The remarkable feature of the Altair was not the metal case, or the rows of switches and lights on the front panel, or the enthusiasm of Popular Electronics, or that it came from Albuquerque. Rather, it was one electronic component that lay inside: a semiconductor chip mounted on a piece of inch-long black plastic and marked in tiny lettering INTEL 8080. The chip, which was no larger than the numbers 8080 as they appear on this page, contained the central processing unit of a computer and was the most notable example of what the semiconductor companies had taken to calling a microprocessor.

The conceptual framework for the microprocessor corresponded with the ideas that lay behind all digital electronic computers produced after World War II. The Electronic Numerical Integrator and Computer, IBM’s 1130, Varian’s 620i, Digital Equipment’s PDP-8 and Data General’s Nova all used the same principles as the Intel 8080. The only difference was size.

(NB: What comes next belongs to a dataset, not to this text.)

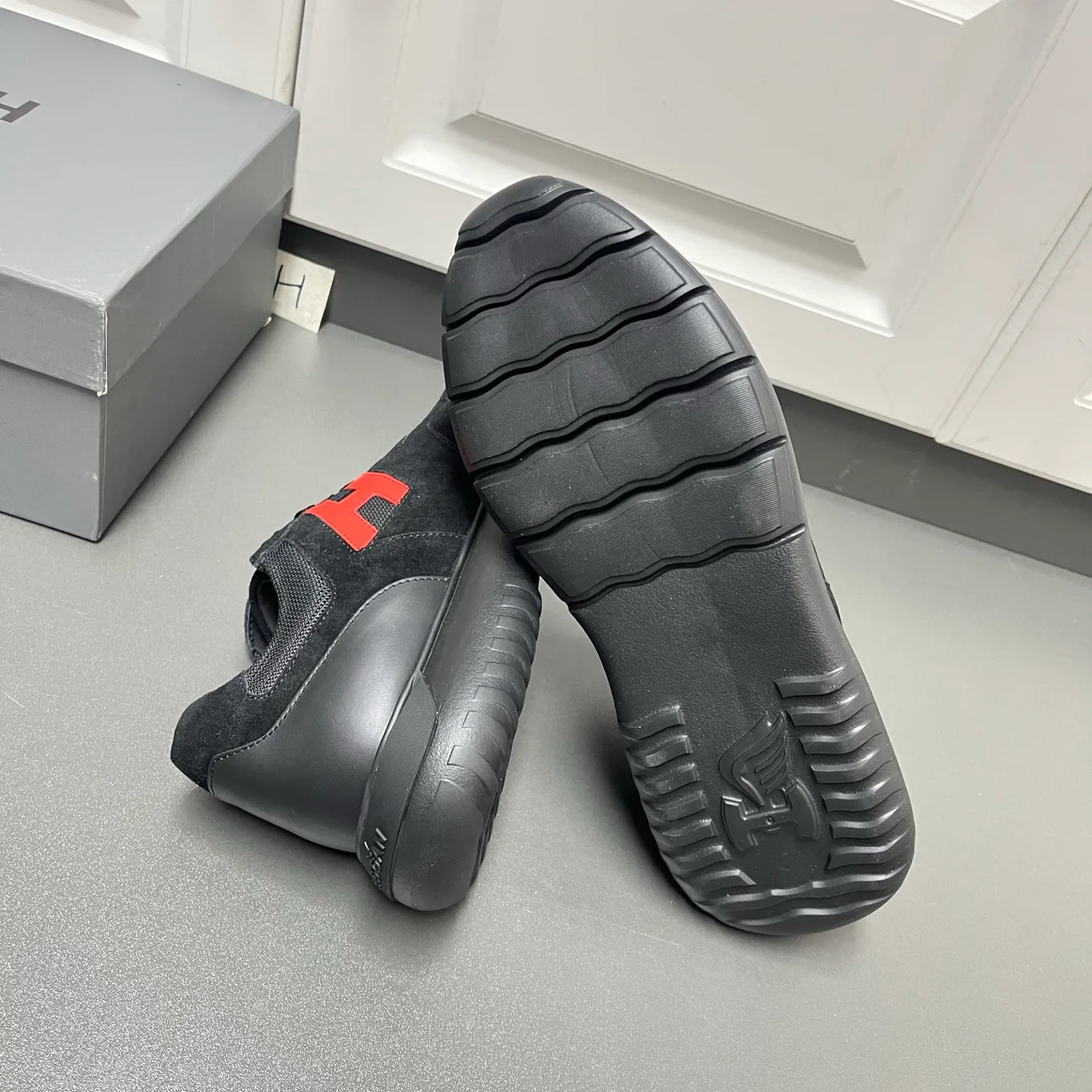 Кроссовки Мужские Hogan 2239004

The thirty-ton ENIAC with its eighteen thousand vacuum tubes was less powerful than the Intel 8080 which, with its five thousand transistors, could be swallowed. The central processing units of computers like the Data General Nova had been composed of dozens of chips, each of which was designed to perform a limited task. Chips like the 8080 approached the power of some of the early minicomputers but freed engineers from the tiresome task of ensuring solid connections along the hundreds of solder traces that ran between the chips.

The 8080 was the third microprocessor produced by Intel, a semiconductor company founded in Santa Clara in 1969, whose name was a contraction of Integrated Electronics. Intel’s first microprocessor, the 4004, was part of a set of chips designed to control a desk-top calculator. Though the company had advertised the 4004 as introducing “a new era of integrated electronics,” its portentous content had been difficult to appreciate. Under a microscope the patterns on the 4004 looked like a busy suburban road map. Yet the microprocessor, dozens of which were etched on a single wafer of silicon, were a more significant advance in the techniques of mass production than Henry Ford’s moving assembly line.

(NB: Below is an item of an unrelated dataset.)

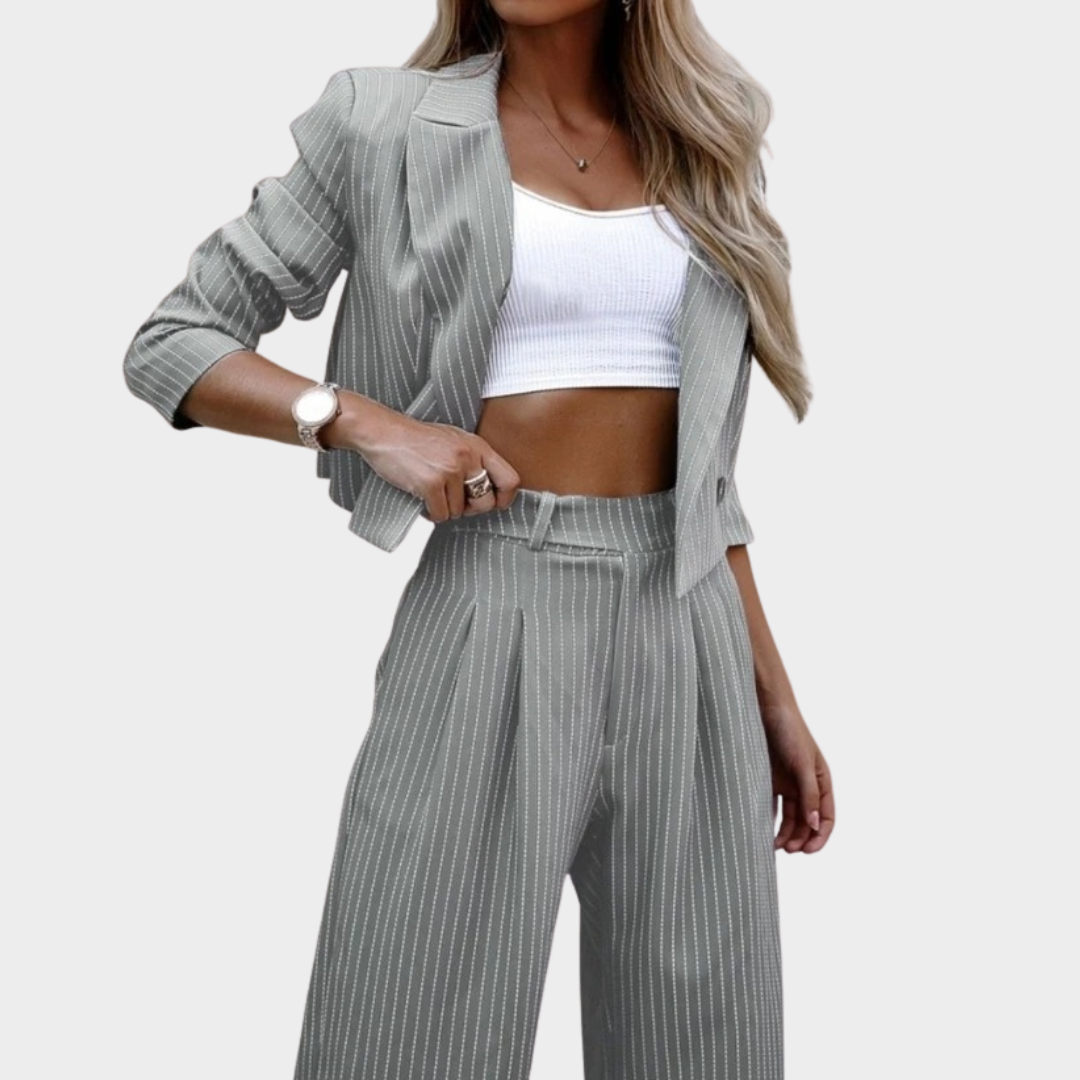 Women’s Two-Piece Suit Set – Notched Collar Blazer with Straight-Leg Trousers – Elegant Striped Design – Multiple Colours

The infinite flexibility of the microprocessor, which could be programmed to perform any number of tasks, had been accompanied by similarly prodigious advances in another area of semiconductor technology—memory chips. Computer programs, composed of millions of 1s and 0s that had, until the late sixties, been stored in bulky core memories could now be stored on chips. This made it cheaper and easier to write programs. Microprocessors could be connected to two sorts of memory chip. They could read programs stored on chips called ROMs and they could read and change programs written on a more complicated chip called a RAM. Because the microprocessor could be programmed to perform dozens of tasks, it reduced the cost of anything that required mechanical parts while simultaneously increasing its value.

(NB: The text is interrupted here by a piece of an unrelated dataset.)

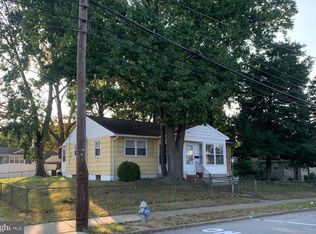 99 Wyandotte St, Essington, PA 19029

The Homebrew Club members were, understandably, more interested in the practical applications of microprocessors than in the history of mass production. Most of them knew about a small computer kit, the Mark 8, that had been built around Intel’s second microprocessor, the 8008. That microprocessor had prompted a Southern California schoolteacher to publish the “Micro-8 Newsletter” whose primary purpose was to keep hobbyists abreast of programs written for the 8008. But by the spring of 1975 the 8080 had become the center of interest. It was twenty times as powerful as the 4004 and could handle eight bits (rather than four bits) at a time. Unlike the 8008 which needed about twenty other chips to make it useful, the 8080 could manage with six peripheral chips. It could also be hooked to 65K bytes of memory compared to the 4K bytes of the 4004.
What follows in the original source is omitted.